Items listed in a dataset
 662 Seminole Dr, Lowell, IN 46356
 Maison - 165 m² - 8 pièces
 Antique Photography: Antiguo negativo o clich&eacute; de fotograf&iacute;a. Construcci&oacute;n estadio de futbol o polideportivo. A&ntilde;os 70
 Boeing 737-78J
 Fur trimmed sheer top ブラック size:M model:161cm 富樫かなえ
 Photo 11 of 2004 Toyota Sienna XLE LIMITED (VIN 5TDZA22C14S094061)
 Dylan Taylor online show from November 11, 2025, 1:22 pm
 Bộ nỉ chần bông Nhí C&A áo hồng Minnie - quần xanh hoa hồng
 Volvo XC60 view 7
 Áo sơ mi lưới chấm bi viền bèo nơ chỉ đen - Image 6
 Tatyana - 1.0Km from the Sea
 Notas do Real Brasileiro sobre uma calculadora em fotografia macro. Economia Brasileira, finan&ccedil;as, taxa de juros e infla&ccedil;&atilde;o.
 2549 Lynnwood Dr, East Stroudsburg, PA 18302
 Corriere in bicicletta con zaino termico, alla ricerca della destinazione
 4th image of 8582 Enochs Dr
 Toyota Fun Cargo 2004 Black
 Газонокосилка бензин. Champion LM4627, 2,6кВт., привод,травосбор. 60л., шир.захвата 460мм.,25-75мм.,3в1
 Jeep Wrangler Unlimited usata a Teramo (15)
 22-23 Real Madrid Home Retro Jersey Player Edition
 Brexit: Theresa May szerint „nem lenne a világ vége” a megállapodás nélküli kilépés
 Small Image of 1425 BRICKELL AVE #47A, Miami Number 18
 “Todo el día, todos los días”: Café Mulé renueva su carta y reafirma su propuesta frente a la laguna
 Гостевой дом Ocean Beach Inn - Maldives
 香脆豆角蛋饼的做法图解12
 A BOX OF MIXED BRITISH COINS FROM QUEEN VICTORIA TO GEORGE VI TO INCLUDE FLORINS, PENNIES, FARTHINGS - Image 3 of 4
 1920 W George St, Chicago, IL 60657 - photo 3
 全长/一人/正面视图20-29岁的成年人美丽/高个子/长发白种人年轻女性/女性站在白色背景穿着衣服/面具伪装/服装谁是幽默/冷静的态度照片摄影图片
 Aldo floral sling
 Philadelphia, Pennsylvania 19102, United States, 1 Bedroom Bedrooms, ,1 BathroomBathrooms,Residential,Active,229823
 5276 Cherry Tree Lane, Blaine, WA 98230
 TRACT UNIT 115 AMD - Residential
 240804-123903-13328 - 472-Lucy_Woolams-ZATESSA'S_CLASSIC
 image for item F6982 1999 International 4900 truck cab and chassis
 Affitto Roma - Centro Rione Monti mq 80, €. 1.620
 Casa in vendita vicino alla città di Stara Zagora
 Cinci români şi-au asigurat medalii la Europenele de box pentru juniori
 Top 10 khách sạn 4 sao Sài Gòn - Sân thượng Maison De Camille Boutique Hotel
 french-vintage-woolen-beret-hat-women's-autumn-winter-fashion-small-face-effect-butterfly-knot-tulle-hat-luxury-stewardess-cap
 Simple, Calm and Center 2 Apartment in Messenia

§ How to complete this task:
Set the entries down again precisely as they were given.

§ Problem solution:
 662 Seminole Dr, Lowell, IN 46356
 Maison - 165 m² - 8 pièces
 Antique Photography: Antiguo negativo o clich&eacute; de fotograf&iacute;a. Construcci&oacute;n estadio de futbol o polideportivo. A&ntilde;os 70
 Boeing 737-78J
 Fur trimmed sheer top ブラック size:M model:161cm 富樫かなえ
 Photo 11 of 2004 Toyota Sienna XLE LIMITED (VIN 5TDZA22C14S094061)
 Dylan Taylor online show from November 11, 2025, 1:22 pm
 Bộ nỉ chần bông Nhí C&A áo hồng Minnie - quần xanh hoa hồng
 Volvo XC60 view 7
 Áo sơ mi lưới chấm bi viền bèo nơ chỉ đen - Image 6
 Tatyana - 1.0Km from the Sea
 Notas do Real Brasileiro sobre uma calculadora em fotografia macro. Economia Brasileira, finan&ccedil;as, taxa de juros e infla&ccedil;&atilde;o.
 2549 Lynnwood Dr, East Stroudsburg, PA 18302
 Corriere in bicicletta con zaino termico, alla ricerca della destinazione
 4th image of 8582 Enochs Dr
 Toyota Fun Cargo 2004 Black
 Газонокосилка бензин. Champion LM4627, 2,6кВт., привод,травосбор. 60л., шир.захвата 460мм.,25-75мм.,3в1
 Jeep Wrangler Unlimited usata a Teramo (15)
 22-23 Real Madrid Home Retro Jersey Player Edition
 Brexit: Theresa May szerint „nem lenne a világ vége” a megállapodás nélküli kilépés
 Small Image of 1425 BRICKELL AVE #47A, Miami Number 18
 “Todo el día, todos los días”: Café Mulé renueva su carta y reafirma su propuesta frente a la laguna
 Гостевой дом Ocean Beach Inn - Maldives
 香脆豆角蛋饼的做法图解12
 A BOX OF MIXED BRITISH COINS FROM QUEEN VICTORIA TO GEORGE VI TO INCLUDE FLORINS, PENNIES, FARTHINGS - Image 3 of 4
 1920 W George St, Chicago, IL 60657 - photo 3
 全长/一人/正面视图20-29岁的成年人美丽/高个子/长发白种人年轻女性/女性站在白色背景穿着衣服/面具伪装/服装谁是幽默/冷静的态度照片摄影图片
 Aldo floral sling
 Philadelphia, Pennsylvania 19102, United States, 1 Bedroom Bedrooms, ,1 BathroomBathrooms,Residential,Active,229823
 5276 Cherry Tree Lane, Blaine, WA 98230
 TRACT UNIT 115 AMD - Residential
 240804-123903-13328 - 472-Lucy_Woolams-ZATESSA'S_CLASSIC
 image for item F6982 1999 International 4900 truck cab and chassis
 Affitto Roma - Centro Rione Monti mq 80, €. 1.620
 Casa in vendita vicino alla città di Stara Zagora
 Cinci români şi-au asigurat medalii la Europenele de box pentru juniori
 Top 10 khách sạn 4 sao Sài Gòn - Sân thượng Maison De Camille Boutique Hotel
 french-vintage-woolen-beret-hat-women's-autumn-winter-fashion-small-face-effect-butterfly-knot-tulle-hat-luxury-stewardess-cap
 Simple, Calm and Center 2 Apartment in Messenia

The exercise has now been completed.